> _GIVEN MATERIAL_:
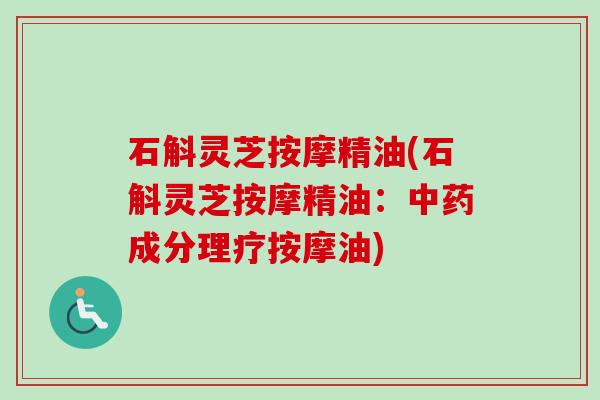 石斛灵芝按摩精油(石斛灵芝按摩精油：中药成分理疗按摩油)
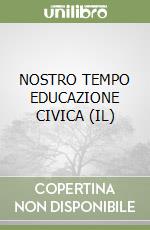 NOSTRO TEMPO EDUCAZIONE CIVICA (IL) libro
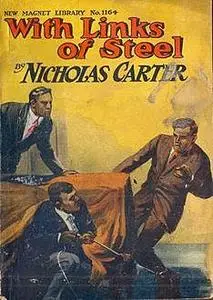 «Nick Carter – With Links of Steel» by John R.Coryell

> _TASK REQUIREMENTS_: Would you output the data above exactly as written, but with no images?

> _OUTPUT FOR THIS EXERCISE_:
 石斛灵芝按摩精油(石斛灵芝按摩精油：中药成分理疗按摩油)
 NOSTRO TEMPO EDUCAZIONE CIVICA (IL) libro
 «Nick Carter – With Links of Steel» by John R.Coryell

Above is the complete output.